= Raw data =
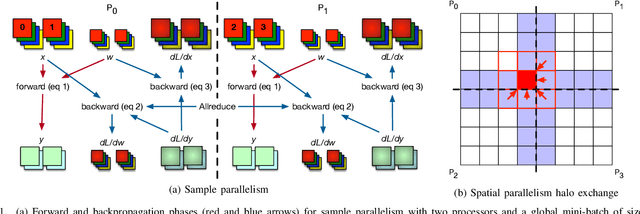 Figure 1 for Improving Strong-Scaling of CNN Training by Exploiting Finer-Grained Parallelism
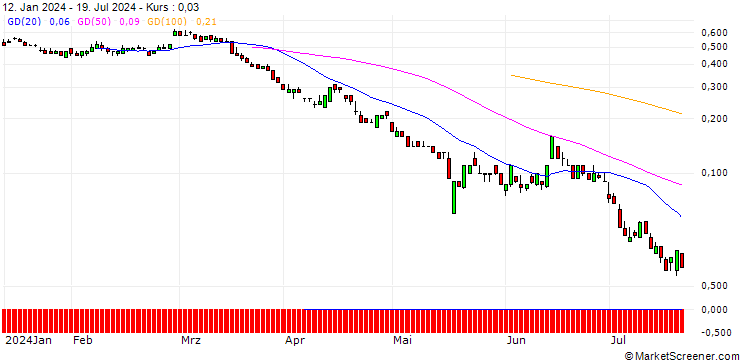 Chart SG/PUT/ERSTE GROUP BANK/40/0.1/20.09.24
...
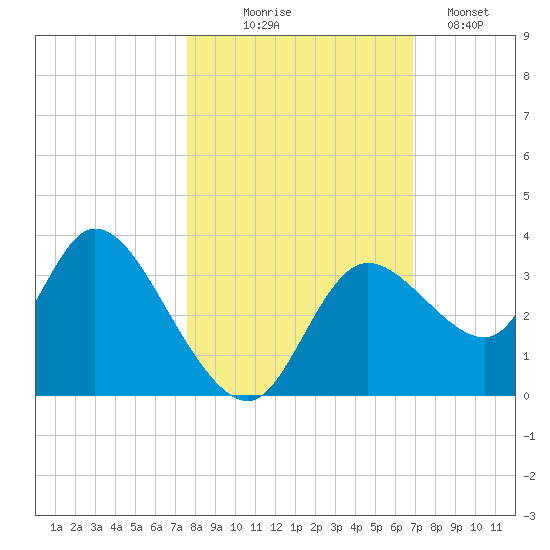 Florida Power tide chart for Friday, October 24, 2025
* * *
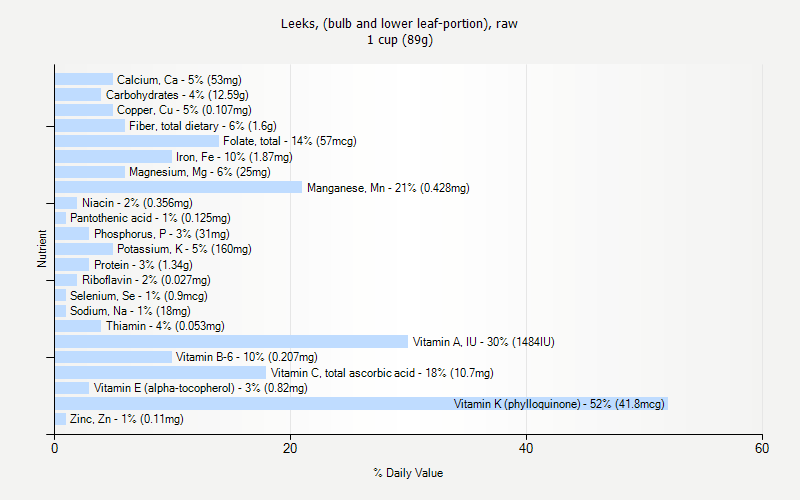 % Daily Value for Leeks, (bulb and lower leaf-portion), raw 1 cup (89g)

= What this task involves =
Take the material above from the line bearing "Figure 1 for" through the line bearing "Chart SG/PUT/ERSTE GROUP" and write it out exactly, both end lines included. Pictures stay out.

= Result for this task =
 Figure 1 for Improving Strong-Scaling of CNN Training by Exploiting Finer-Grained Parallelism
 Chart SG/PUT/ERSTE GROUP BANK/40/0.1/20.09.24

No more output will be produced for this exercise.